Further, as a coated cemented carbide tool used for cutting a workpiece made of the above-mentioned non-ferrous material, tungsten carbide (hereinafter referred to as WC) based cemented carbide or titanium carbonitride (hereinafter referred to as TiCN) based cermet On the surface of the cemented carbide substrate composed of
(A) As a lower layer, it has an average layer thickness of 1.5 to 10 μm, and a composition formula: (Ti ₁ -Z Al _Z ) N (however, in atomic ratio, Z is 0.40 to 0.60) A hard layer composed of a composite nitride of Ti and Al satisfying (shown below) [hereinafter referred to as (Ti, Al) N] layer,
(B) Reaction having an average layer thickness of 1 to 10 μm as an upper layer, and using a WC target as a cathode electrode (evaporation source) in a sputtering apparatus and comprising a mixed gas of hydrocarbon decomposition gas and Ar Formed in an atmosphere, measured with an Auger spectroscopic analyzer,
W: 5 to 20 atomic%,
An amorphous carbon-based lubricating layer having a composition consisting of carbon and inevitable impurities,
A coated carbide tool formed by vapor-depositing is known, and the (Ti, Al) N layer, which is a hard layer of the surface coating layer of the coated carbide tool, has high temperature hardness and heat resistance due to Al as a constituent component.
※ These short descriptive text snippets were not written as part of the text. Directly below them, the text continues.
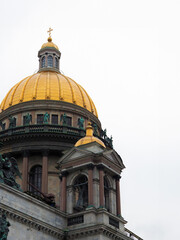 Obraz premium St. Isaac's Cathedral in cloudy weather. 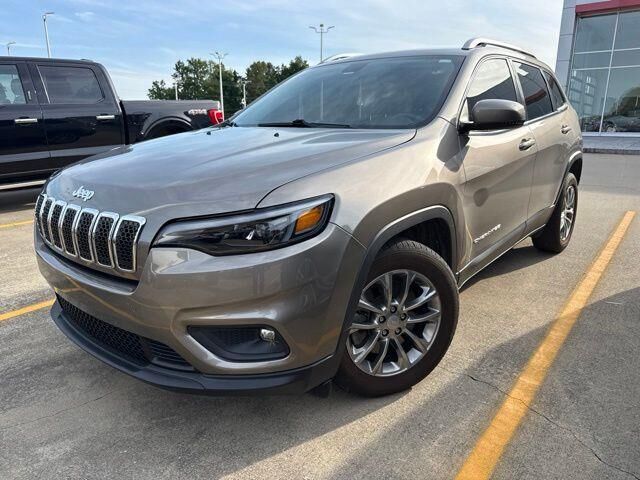 2020 Jeep Cherokee Latitude Plus — photo 1 of 13
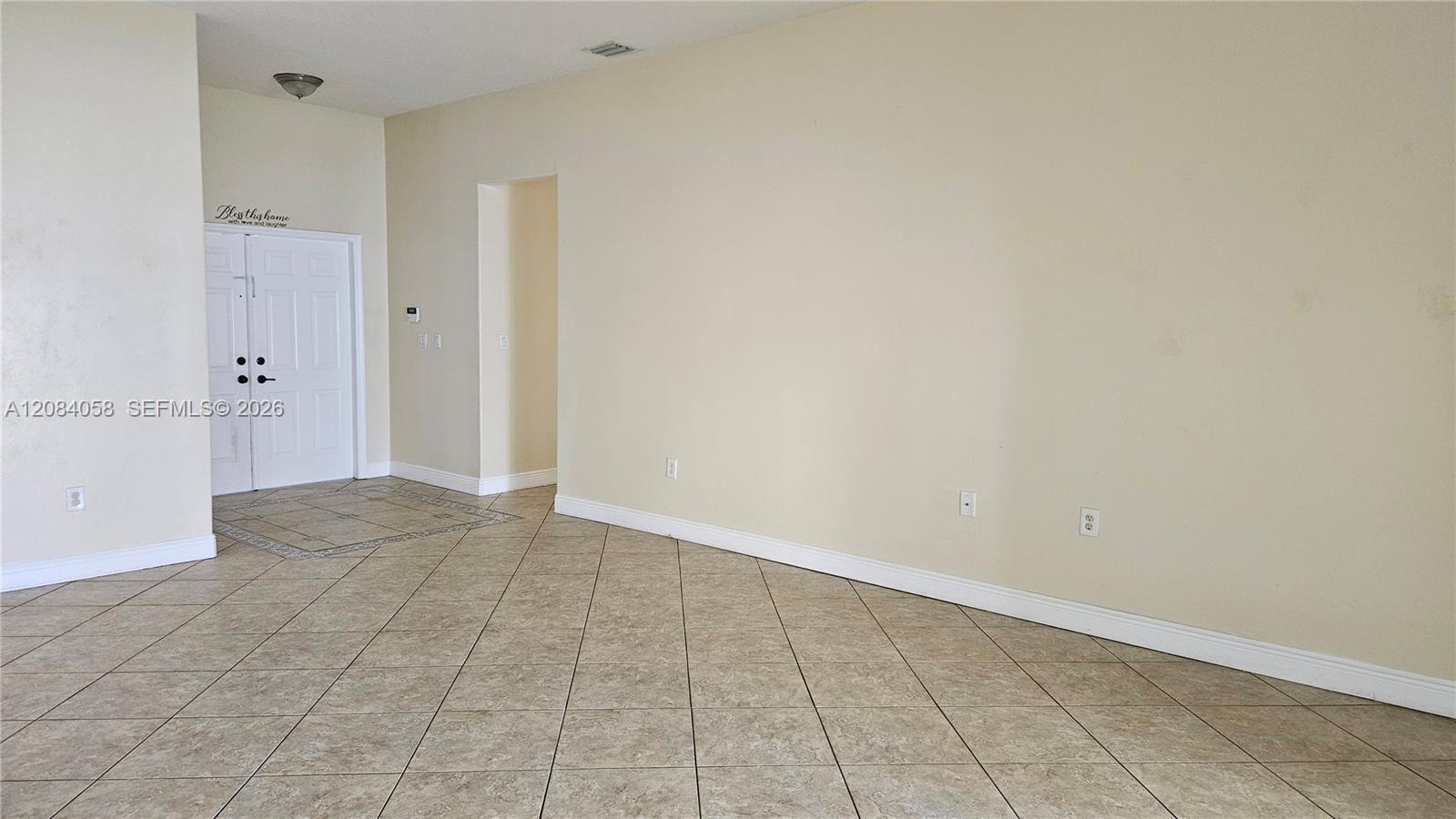 14209 SW 160 CT — Photo 2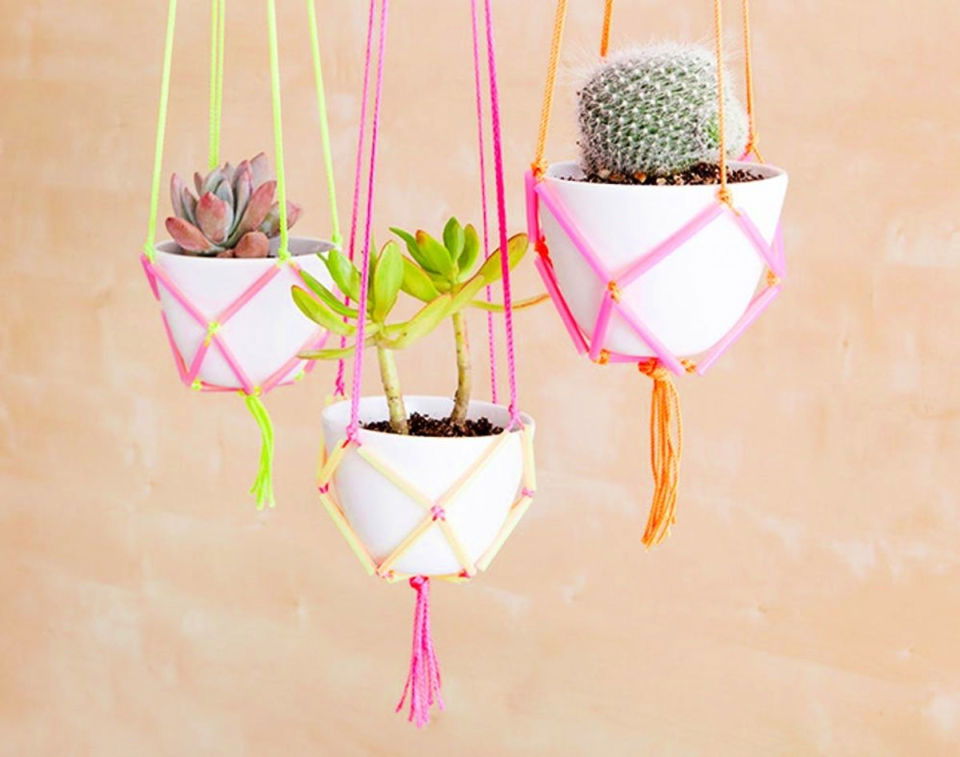 DIY Neon Straw Hanging Planters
Combined with the coexistence of the amorphous carbon-based lubricating layer that is the upper layer and the high temperature strength due to the same Ti, it is used for continuous cutting and intermittent cutting of the above-mentioned non-ferrous materials and other work materials It is also known to demonstrate excellent cutting performance when

Further, the above-mentioned coated carbide tool includes, for example, a vapor deposition apparatus schematically shown in FIG. 4, that is, an arc discharge apparatus in which a Ti—Al alloy having a predetermined composition is set as a cathode electrode (evaporation source), and a cathode electrode Using a vapor deposition apparatus provided with a sputtering apparatus in which a WC target is set as (evaporation source), and charging the above-mentioned carbide substrate to this,
(A) First, as the lower layer, with the heater heated to a temperature of, for example, 500 ° C., between the anode electrode and the cathode electrode (evaporation source) of the Ti—Al alloy, for example, current: An arc discharge is generated under the condition of 90 A, and simultaneously, nitrogen gas is introduced into the apparatus as a reaction gas to form a reaction atmosphere of 2 Pa, for example, while a bias voltage of, for example, −100 V is applied to the cemented carbide substrate. , By vapor-depositing a hard layer composed of the (Ti, Al) N layer on the surface of the cemented carbide substrate,
(B) Next, as an upper layer, for example, in a state where the heating temperature in the apparatus is set to 200 ° C., hydrocarbons such as C ₂ H ₂ and Ar, C ₂ H ₂ flow rate: 40 to 80 sccm, Ar flow rate: 250 sccm For example, a reaction atmosphere composed of a mixed gas of 1 Pa of hydrocarbon cracking gas and Ar, for example, a bias voltage applied to the carbide substrate of −20 V, and a cathode electrode (evaporation source) of a WC target. Is produced by vapor-depositing an amorphous carbon-based lubricating layer on the hard layer (Ti, AlN layer) under the condition that a sputtering power of 4 to 6 kW (frequency: 40 kHz) is applied. It is also known.
Special table 2002-513087 specification

  In recent years, the performance of cutting machines has been remarkable. On the other hand, there has been a strong demand for labor saving and energy saving and further cost reduction for cutting work. Although there is a tendency that cutting under heavy cutting conditions such as high feed is strongly demanded, in the above conventional coated carbide tools, there is no problem when this is used under normal cutting conditions. When cutting a non-ferrous material such as non-ferrous materials at high speed and under heavy cutting conditions such as high cutting and high feed with high mechanical impact, a hard layer that is the lower layer of the surface coating layer In this case, the high temperature hardness and heat resistance, the high temperature strength, and the amorphous carbon-based lubricating layer are insufficient in high temperature strength, so that chipping is likely to occur and wear progress is further increased. Like to promote Since, at present, leading to a relatively short time service life.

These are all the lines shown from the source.